As our first exercise, let's make a simple Graph where we connect commenters together when they comment on the same post.

We will only use commenters who commented more than 100 times in total

In [None]:
commenters=Counter([comment['author'] for post in posts for comment in post.get('comments',[])])

In [None]:
frequent_commenters=set([commenter for commenter,comment_frequency in commenters.items() if comment_frequency>=100])
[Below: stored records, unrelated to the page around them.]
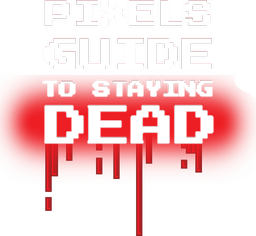 Pixels Guide to Staying Dead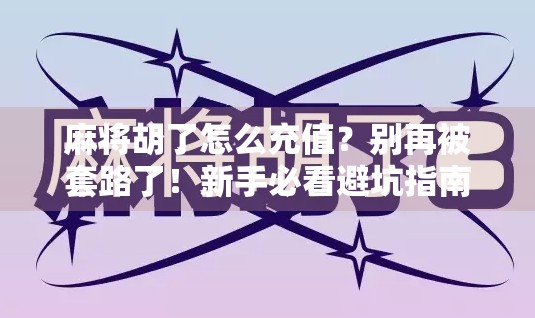 麻将胡了怎么充值？别再被套路了！新手必看避坑指南！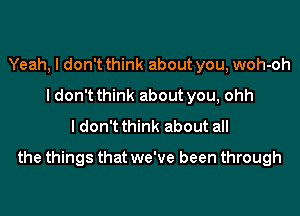 Yeah, I don't think about you, woh-oh
I don't think about you, ohh
I don't think about all

the things that we've been through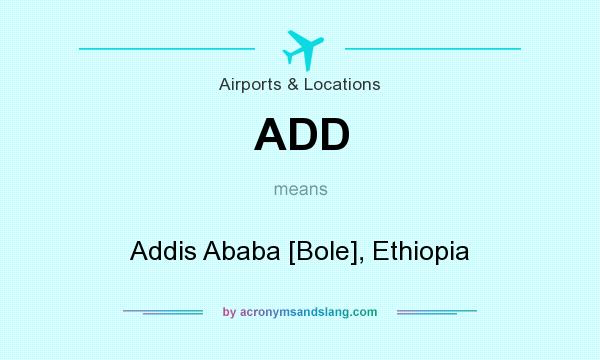What does ADD mean? It stands for Addis Ababa [Bole], Ethiopia
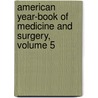 American Year-Book Of Medicine And Surgery, Volume 5 door Onbekend
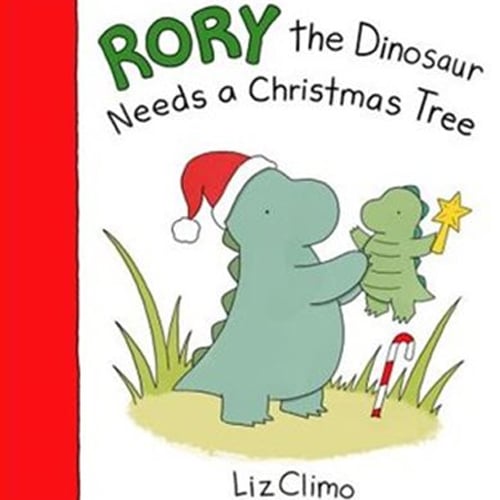 Children's Books - Rory the Dinosaur Needs a Christmas Tree by Liz Climo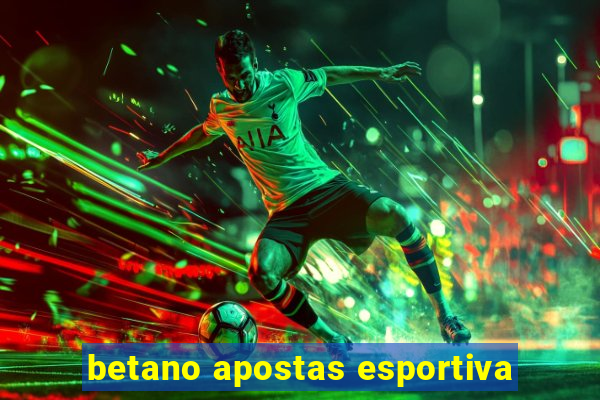 betano apostas esportiva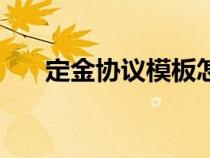 定金協(xié)議模板怎么寫(xiě)（定金協(xié)議模板）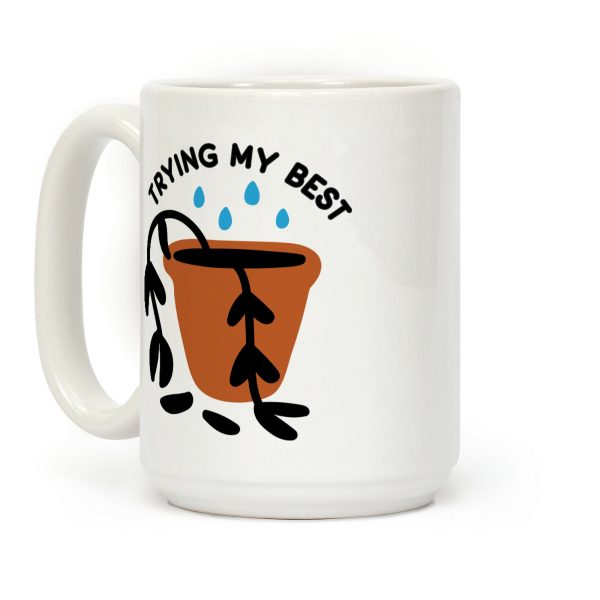 Trying My Best Struggling Plant Coffee Mug Trying My Best Struggling Plant Coffee Mug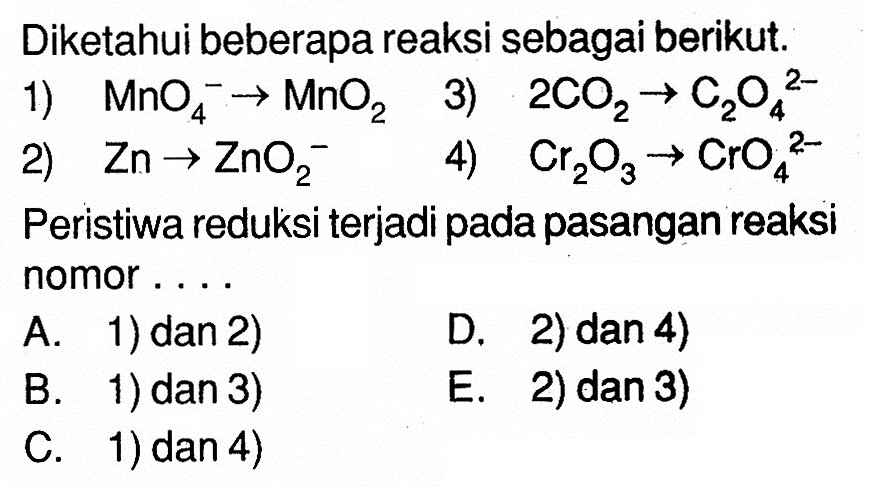 Diketahui beberapa reaksi sebagai berikut. 1) MnO4^- -> MnO2 2) Zn -> ZnO2^- 3) 2CO2 -> C2O4^(2-) 4) Cr2O3 -> CrO4^(2-) Peristiwa reduksi terjadi pada pasangan reaksi nomor . . . .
Let's also build a list of pairs of commenters (commenters who commented on the same post at least once) 

In [None]:
common_commenters=set()
for post in posts:
    all_post_commenters=set([comment['author'] for comment in post.get('comments',[])])
    frequent_post_commenters=all_post_commenters.intersection(frequent_commenters)
    for c1,c2 in combinations(frequent_post_commenters, 2):
        common_commenters.add((c1,c2))

Now we can build the graph of commenters

In [None]:
G=nx.Graph()
G.add_nodes_from(frequent_commenters)
G.add_edges_from(common_commenters)

And we can get some typical information from the Graph

In [None]:
# how many commenters are in the network
len(G.nodes)

In [None]:
# how many edges are in the network (links between commentors)
len(G.edges)

In [None]:
# how many other commenters is each commenter connected to
G.degree()

In [None]:
# who are the most connected commenters ?
ranked_commenters=sorted(G.degree(), key=lambda x:-x[1])
ranked_commenters[:10]

In [None]:
# who are the least connected commenters ?
ranked_commenters[-10:]

In [None]:
# how many components are there in the network, e.g. subnetworks that are not connected to eachother
components=list(nx.connected_components(G))
len(components)

In [None]:
# what is the shortest path between the two least connected commenters?
least_connected=([commenter_name for commenter_name, commenter_degree in ranked_commenters[-2:]])
nx.shortest_path(G, *least_connected)

In [None]:
# how many different shortest paths are there between these commenters?
len(list(nx.all_shortest_paths(G, *least_connected)))

In [None]:
# how close are commenters to other commenters on average?
nx.closeness_centrality(G)

A more complex example. Graphs based on commenters' language use.

In [None]:
import unicodedata
def has_control_characters(word):
    for character in word:
        if unicodedata.category(character)[0]=="C":
            result=True
            break
        else:
            result=False
    return(result)

In [None]:
commenter_words=defaultdict(list)
for post in posts:
    for comment in post.get("comments", []):
        commenter=comment['author']
        if commenter in frequent_commenters:
            for word in comment['body']:
                if not has_control_characters(word):
                    commenter_words[commenter].append(word)

In [None]:
# compute the document frequency for every word
# in this case, it is the number of commenters who use a word
df={}
for commenter, words in commenter_words.items():
    for word in set(words):
        df[word]=df.get(word,0)+1
# now compute the inverse document frequency for every word

n=len(frequent_commenters)
idf={word: log(1+n/f) for word, f in df.items()}

For each commenter, find the 50 words with the highest ${TF} \times {IDF}$ 

In [None]:
niw=50

In [None]:
ciw={} # commenter informative words

def highest(d, n):
    """Give the n highest scoring items in a dictionary"""
    ds=sorted(d.items(), key=lambda x: -x[1])
    return([item for item, value in ds][:n])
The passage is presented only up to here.